GSoC proposition: multiplatform UFS2 driver

Fri Mar 14 20:29:02 UTC 2014

On Mar 14, 2014, at 3:18 PM, Edward Tomasz Napierała <trasz at FreeBSD.org> wrote:

> Wiadomość napisana przez Richard Yao w dniu 14 mar 2014, o godz. 19:53:
>> On 03/14/2014 02:36 PM, Edward Tomasz Napierała wrote:
>>> Wiadomość napisana przez Ian Lepore w dniu 14 mar 2014, o godz. 16:39:
>>>> On Fri, 2014-03-14 at 15:27 +0000, RW wrote:
>>>>> On Thu, 13 Mar 2014 18:22:10 -0800
>>>>> Dieter BSD wrote:
>>>>> 
>>>>>> Julio writes,
>>>>>>> That being said, I do not like the idea of using NetBSD's UFS2
>>>>>>> code. It lacks Soft-Updates, which I consider to make FreeBSD UFS2
>>>>>>> second only to ZFS in desirability.
>>>>>> 
>>>>>> FFS has been in production use for decades.  ZFS is still wet behind
>>>>>> the ears. Older versions of NetBSD have soft updates, and they work
>>>>>> fine for me. I believe that NetBSD 6.0 is the first release without
>>>>>> soft updates.  They claimed that soft updates was "too difficult" to
>>>>>> maintain.  I find that soft updates are *essential* for data
>>>>>> integrity (I don't know *why*, I'm not a FFS guru).
>>>>> 
>>>>> NetBSD didn't simply drop soft-updates, they replaced it with
>>>>> journalling, which is the approach used by practically all modern
>>>>> filesystems. 
>>>>> 
>>>>> A number of people on the questions list have said that they find
>>>>> UFS+SU to be considerably less robust than the journalled filesystems
>>>>> of other OS's.  
>>> 
>>> Let me remind you that some other OS-es had problems such as truncation
>>> of files which were _not_ written (XFS), silently corrupting metadata when
>>> there were too many files in a single directory (ext3), and panicing instead
>>> of returning ENOSPC (btrfs).  ;->
>> 
>> Lets be clear that such problems live between the VFS and block layer
>> and therefore are isolated to specific filesystems. Such problems
>> disappear when using ZFS.
> 
> Such problems disappear after fixing bugs that caused them.  Just like
> with ZFS - some people _have_ lost zpools in the past.

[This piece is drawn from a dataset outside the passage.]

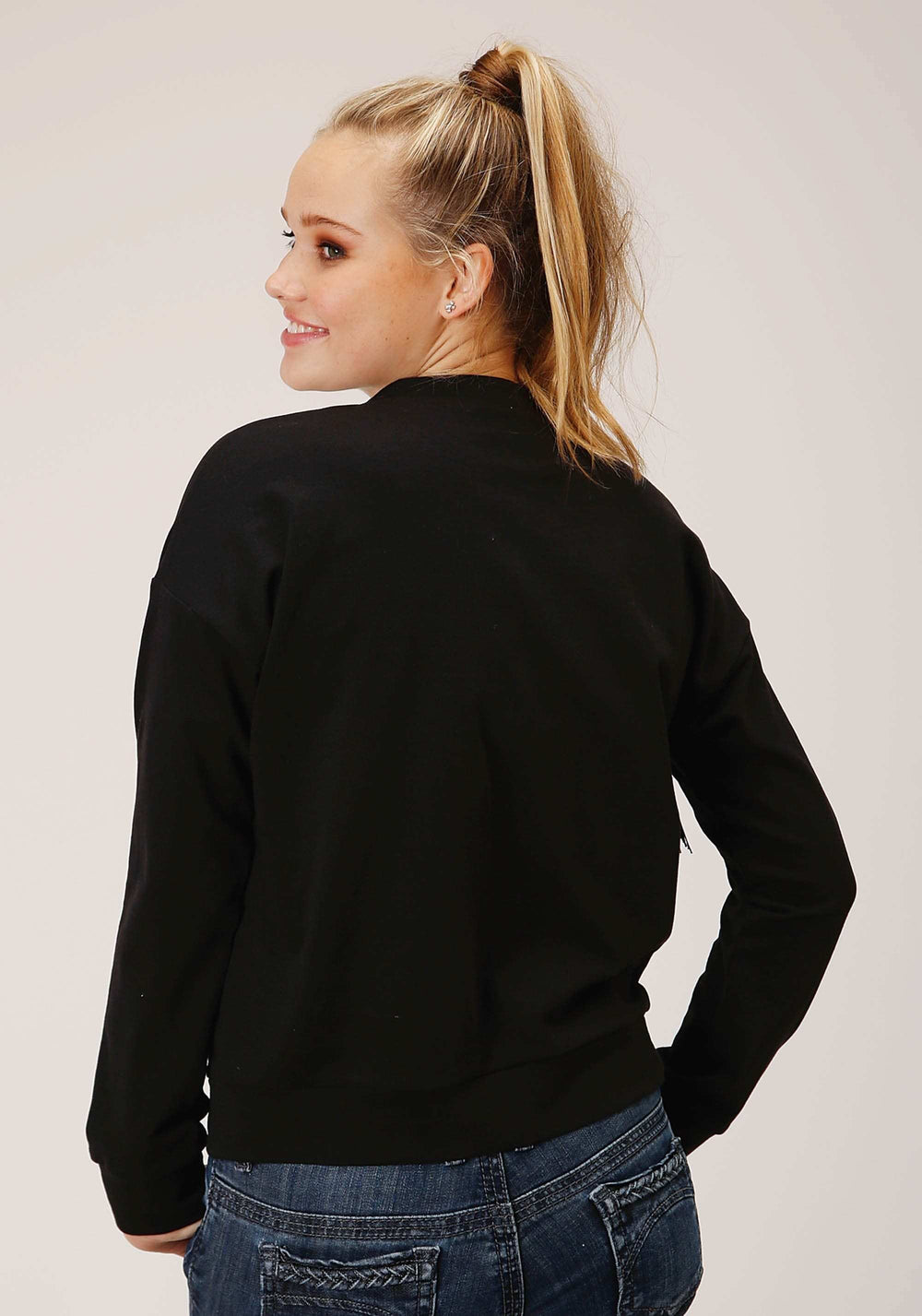 Roper Womens Long Sleeve Knit Black French Terry Top - Roper - Flyclothing LLC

People with problems who get in touch with me usually can save their pools. I cannot recall an incident where a user came to me for help and suffered complete loss of a pool. However, there have been incidents of partial data loss involving user error (running zfs destroy on data you want to keep is bad), faulty memory (this user ignored my warnings about non-ECC memory and then put it into production without running memtest; then blamed ZFS) and two incidents where bugs in ZoL's autotools checks that disabled flushing to disk. The latter two cases have had regression tests put into place to catch the errors that permitted them.

> 
>>>> What I've seen claimed is that UFS+SUJ is less robust.  That's a very
>>>> different thing than UFS+SU.  Journaling was nailed onto the side of UFS
>>>> +SU as an afterthought, and it shows.
>>> 
>>> Not really - it was developed rather recently, and with filesystems it usually
>>> shows, but it's not "nailed onto the side": it complements SU operation
>>> by journalling the few things which SU doesn't really handle and which
>>> used to require background fsck.
>>> 
>>> One problem with SU is that it depends on hardware not lying about
>>> write completion.  Journalling filesystems usually just issue flushes
>>> instead.
>> 
>> This point about write completion being done on unflushed data and no
>> flushes being done could explain the disconnect between RW's statements
>> and what Soft Updates should accomplish. However, it does not change my
>> assertion that placing UFS SU on a ZFS zvol will avoid such failure
>> modes.
> 
> Assuming everything between UFS and ZFS below behaves correctly.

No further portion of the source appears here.